BEGIN INFORMATION
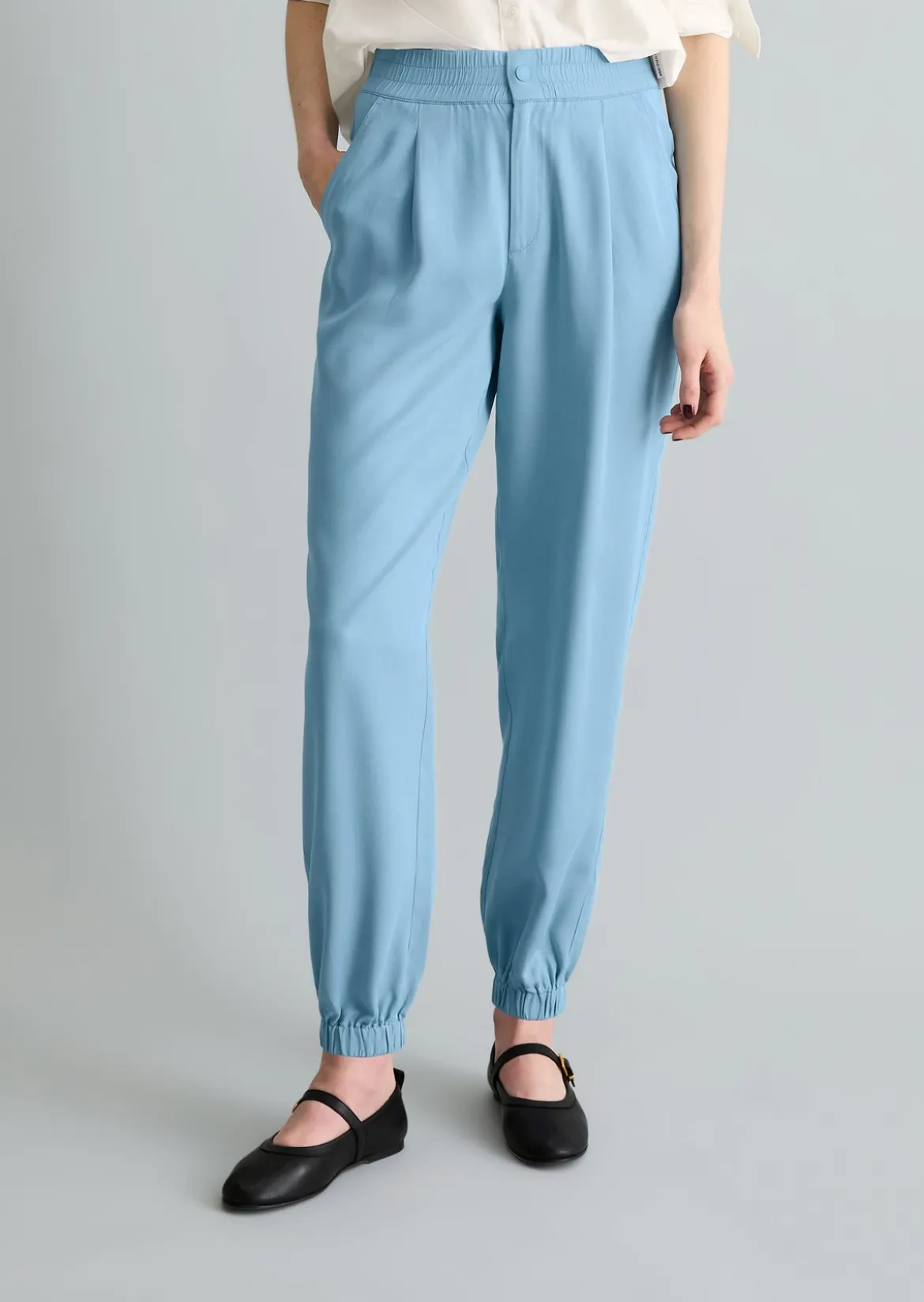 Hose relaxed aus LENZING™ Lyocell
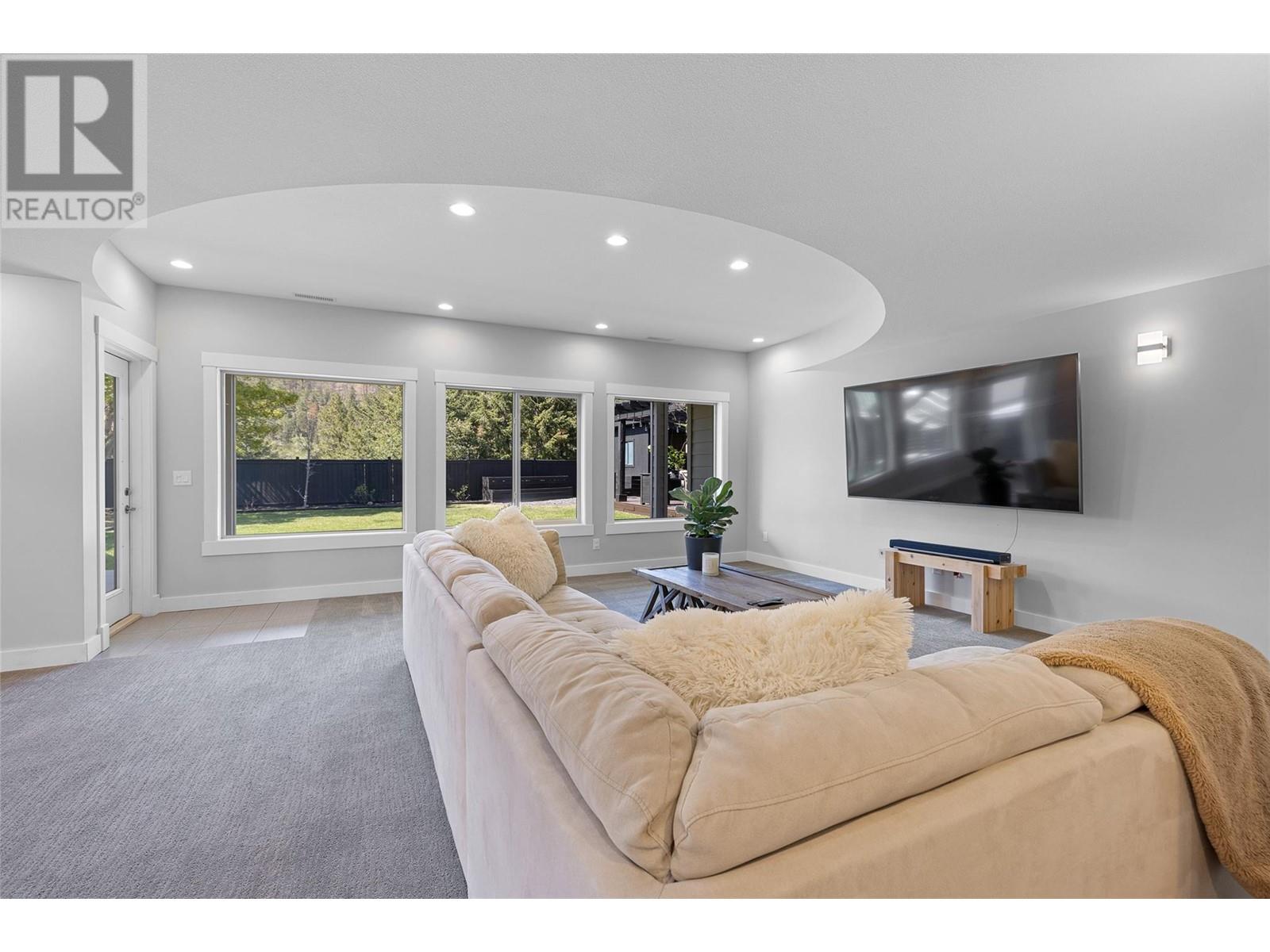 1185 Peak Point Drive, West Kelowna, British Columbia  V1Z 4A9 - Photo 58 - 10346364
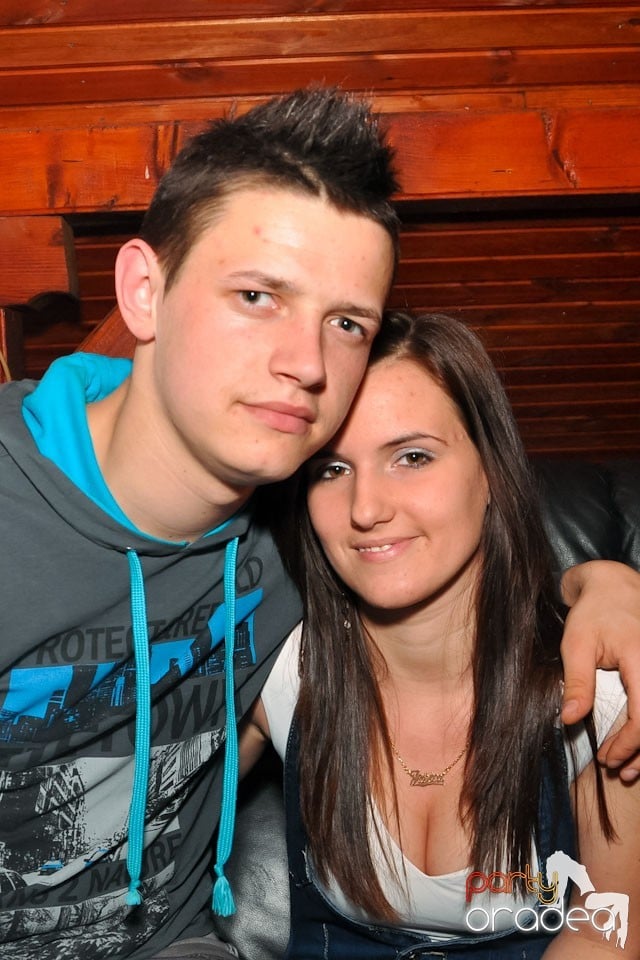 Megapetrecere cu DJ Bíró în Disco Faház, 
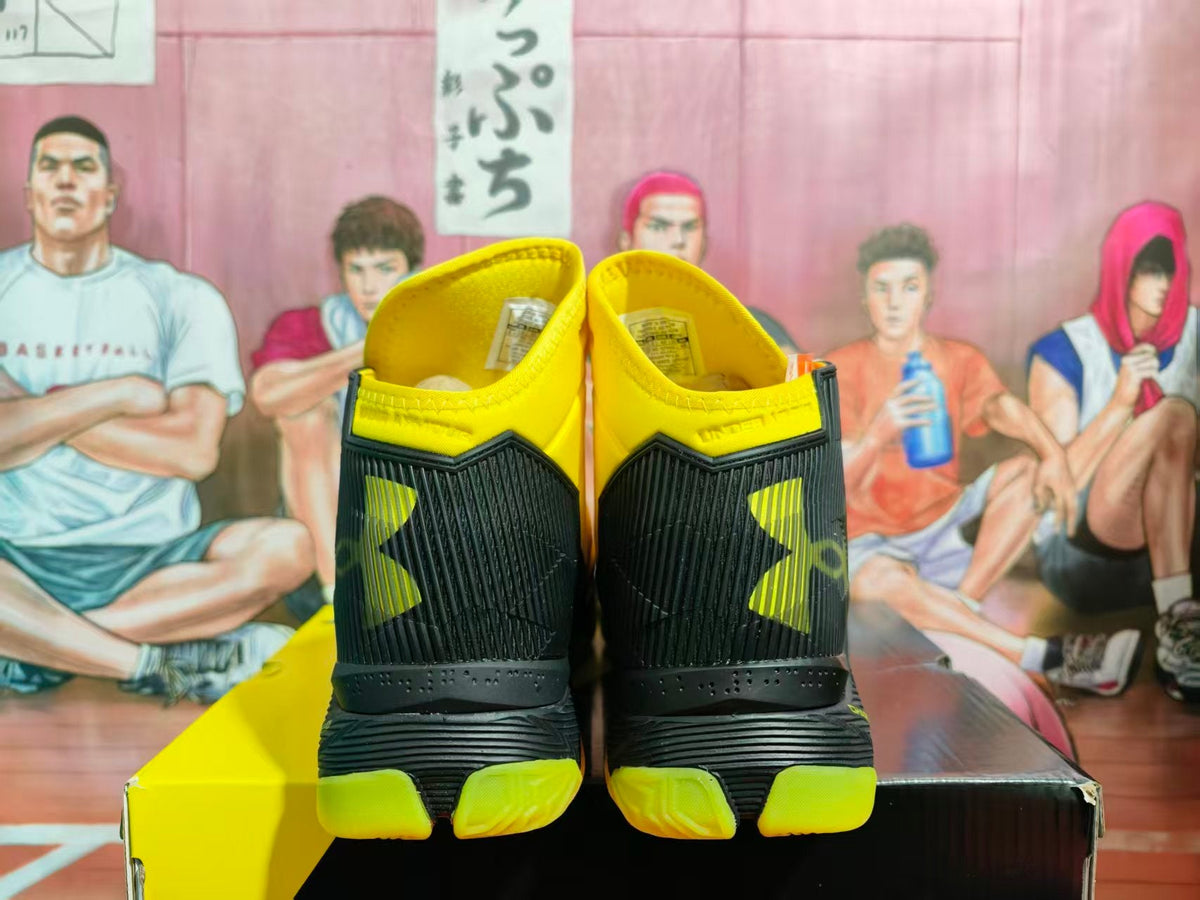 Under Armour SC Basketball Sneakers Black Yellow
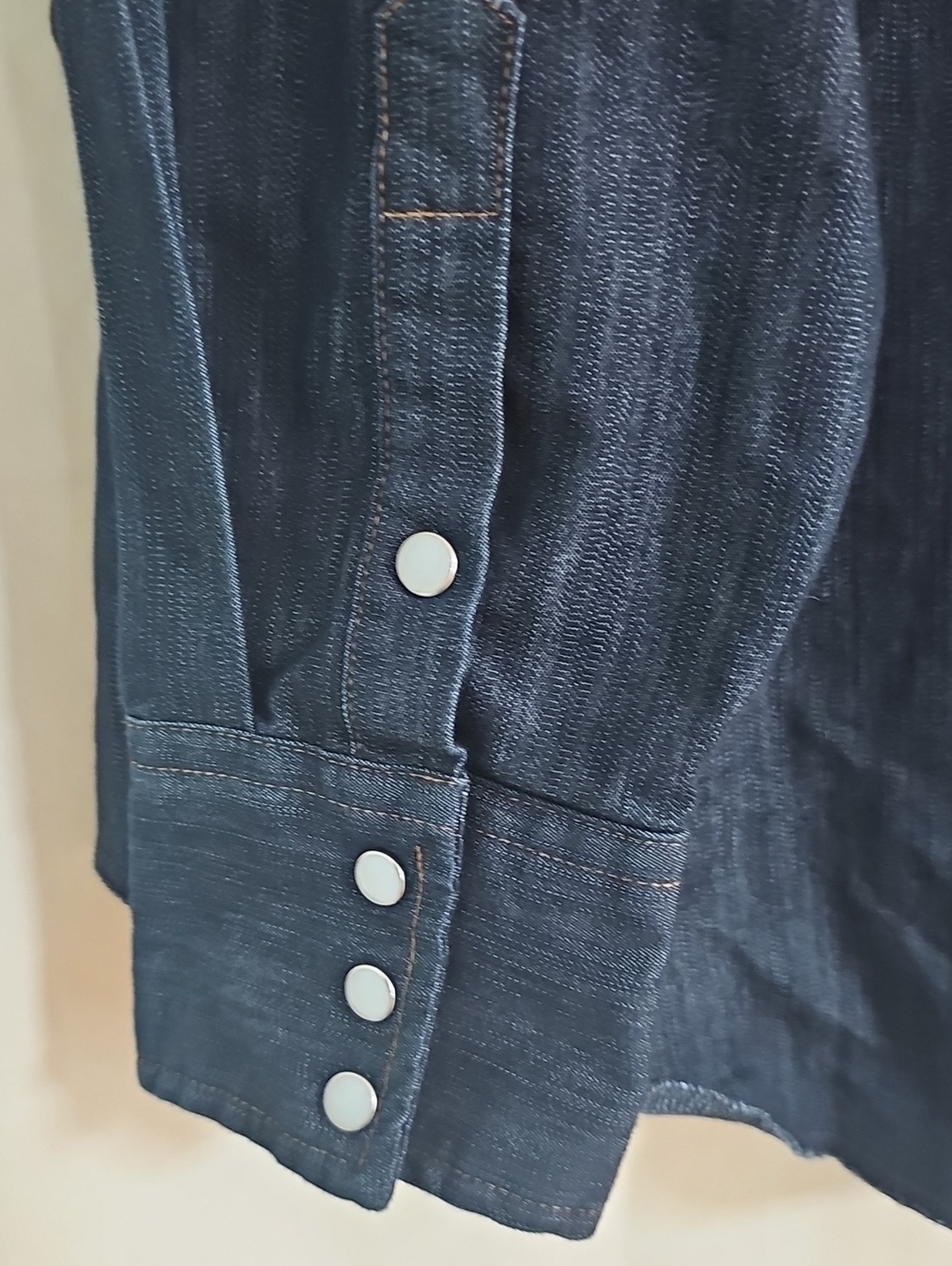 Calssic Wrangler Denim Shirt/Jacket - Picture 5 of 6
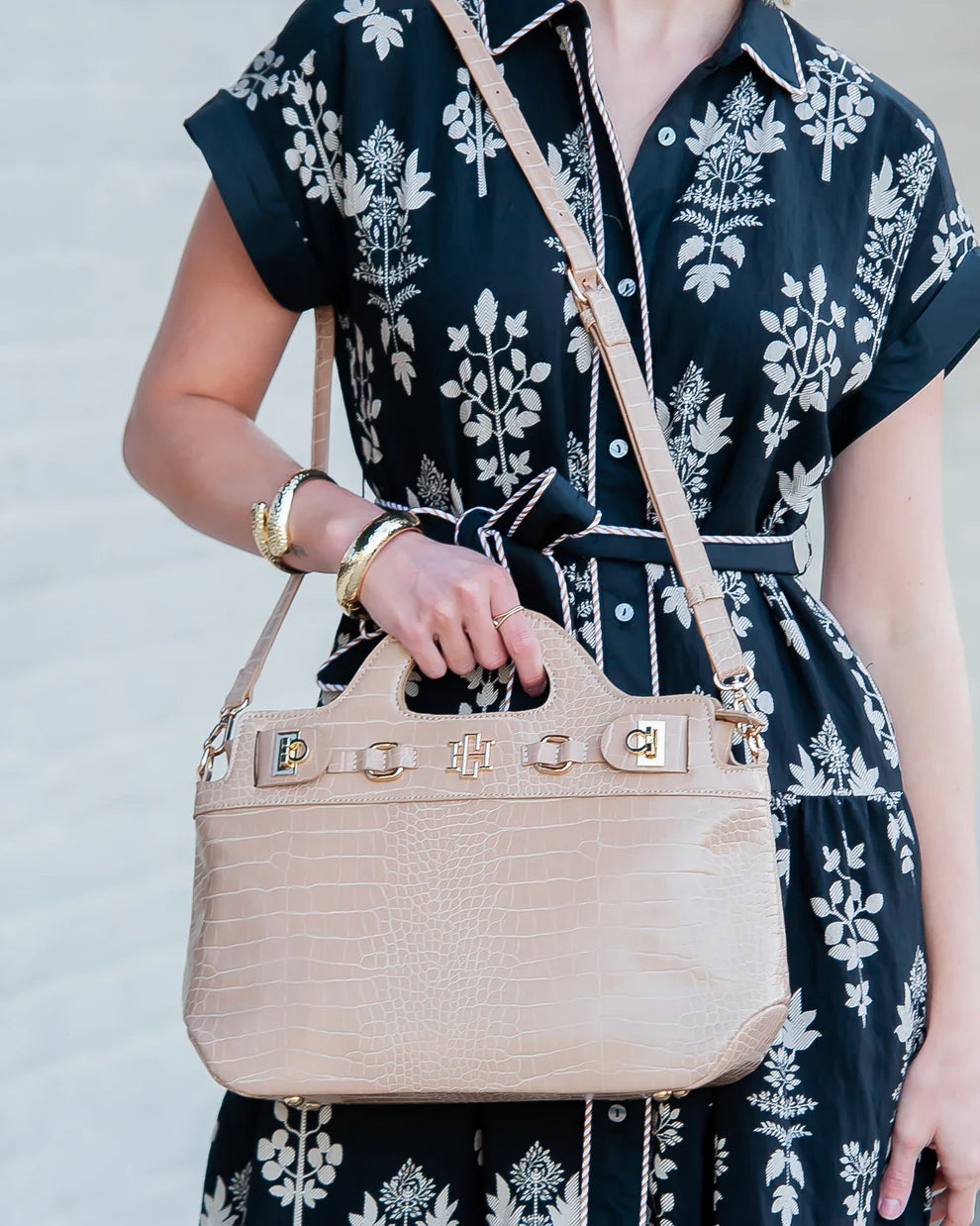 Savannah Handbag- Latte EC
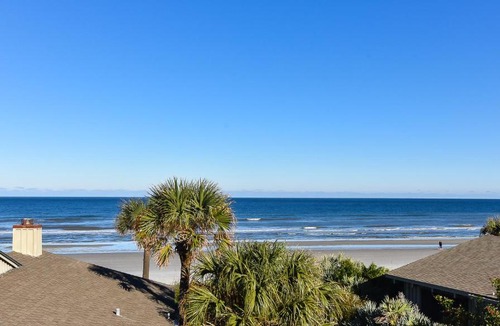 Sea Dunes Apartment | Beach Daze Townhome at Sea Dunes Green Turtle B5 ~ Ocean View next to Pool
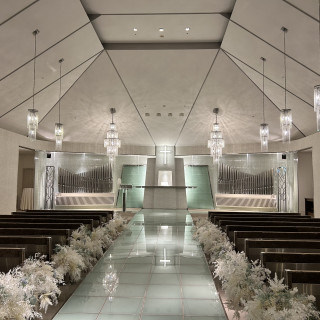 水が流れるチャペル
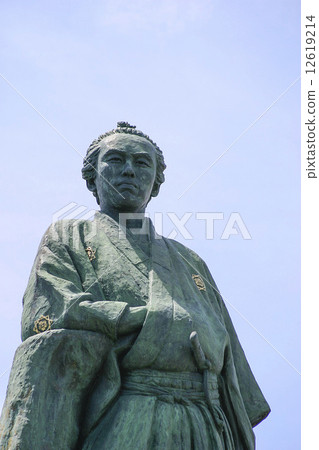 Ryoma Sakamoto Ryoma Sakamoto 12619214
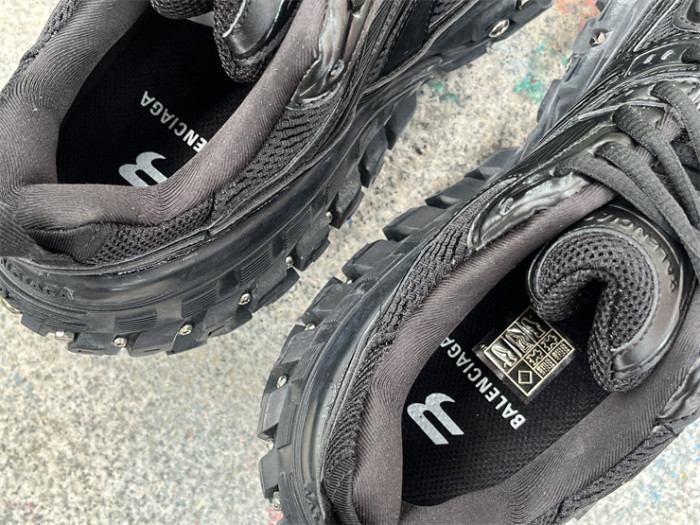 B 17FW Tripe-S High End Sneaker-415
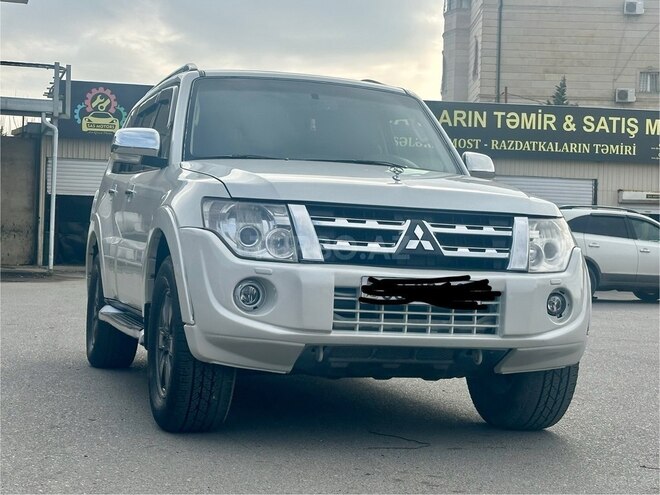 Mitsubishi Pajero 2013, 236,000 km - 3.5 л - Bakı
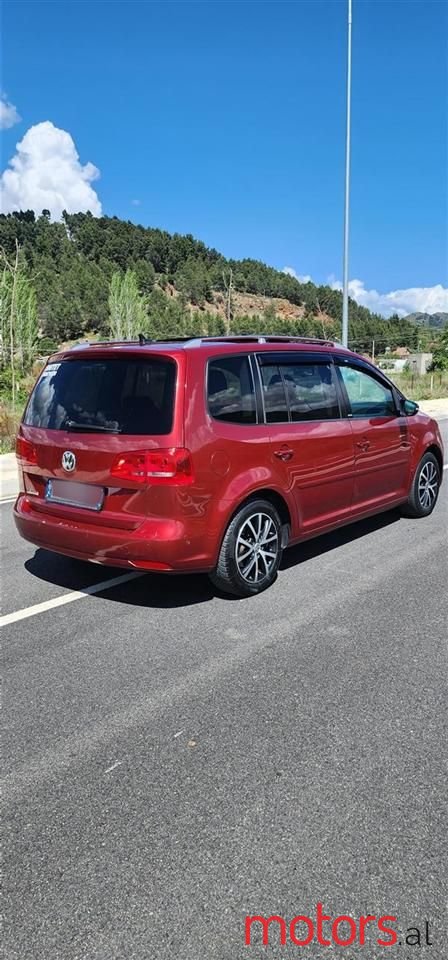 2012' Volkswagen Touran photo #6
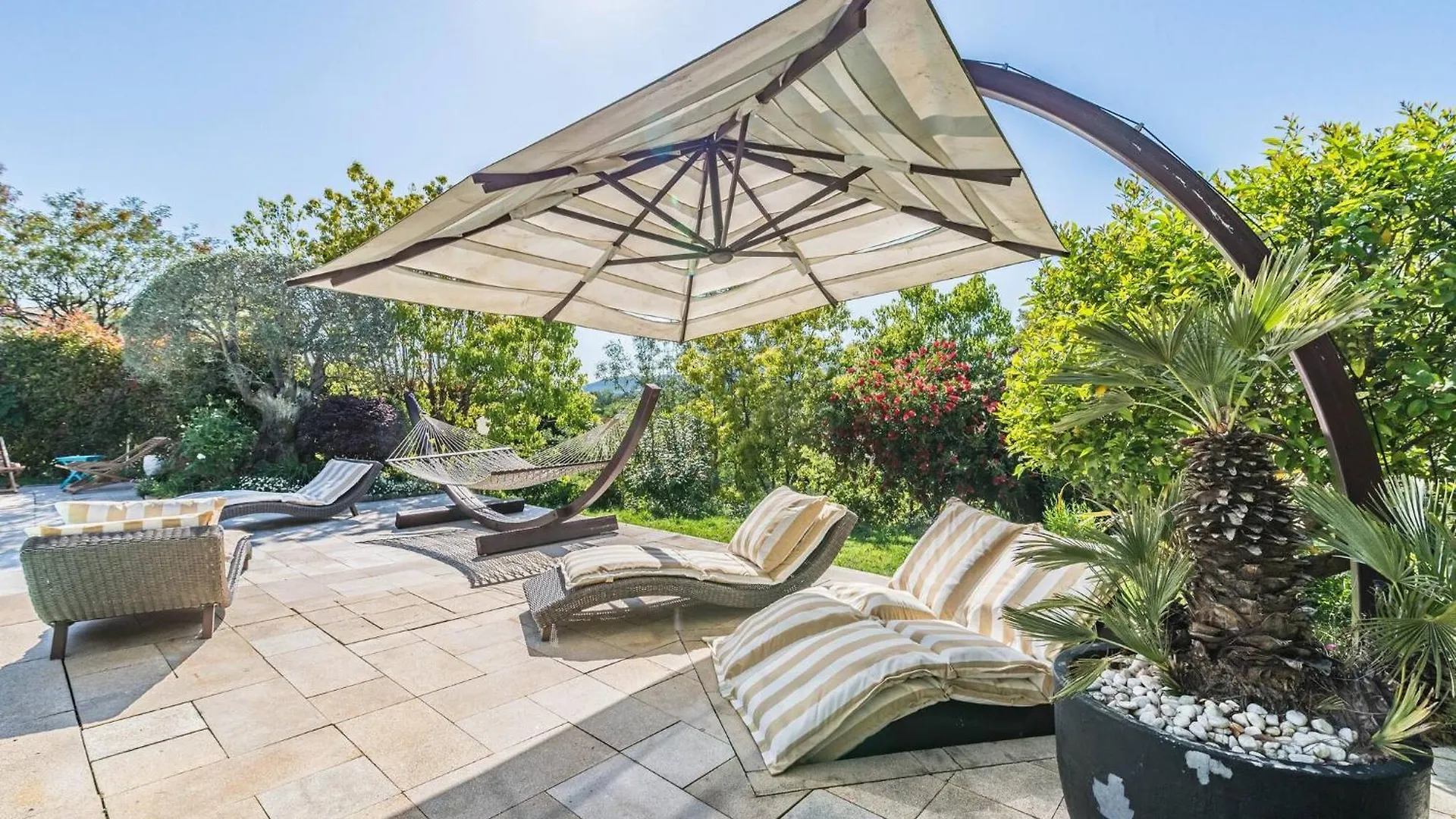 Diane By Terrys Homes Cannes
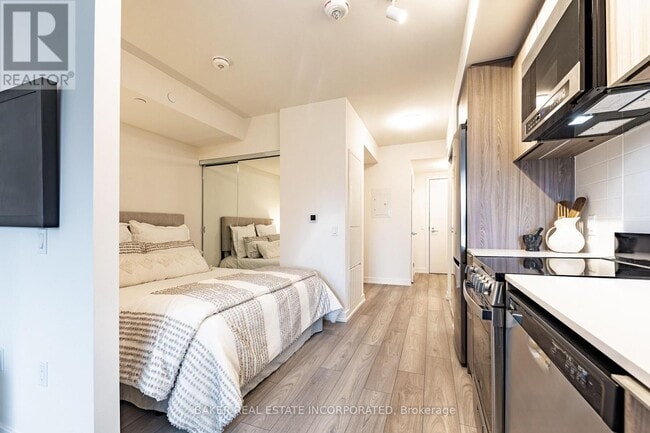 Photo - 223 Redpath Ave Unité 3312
END INFORMATION
Look above and copy only the lines from the one holding "Under Armour SC" to the one holding "2012' Volkswagen Touran photo #6", both included, exactly, minus the pictures.

 Under Armour SC Basketball Sneakers Black Yellow
 Calssic Wrangler Denim Shirt/Jacket - Picture 5 of 6
 Savannah Handbag- Latte EC
 Sea Dunes Apartment | Beach Daze Townhome at Sea Dunes Green Turtle B5 ~ Ocean View next to Pool
 水が流れるチャペル
 Ryoma Sakamoto Ryoma Sakamoto 12619214
 B 17FW Tripe-S High End Sneaker-415
 Mitsubishi Pajero 2013, 236,000 km - 3.5 л - Bakı
 2012' Volkswagen Touran photo #6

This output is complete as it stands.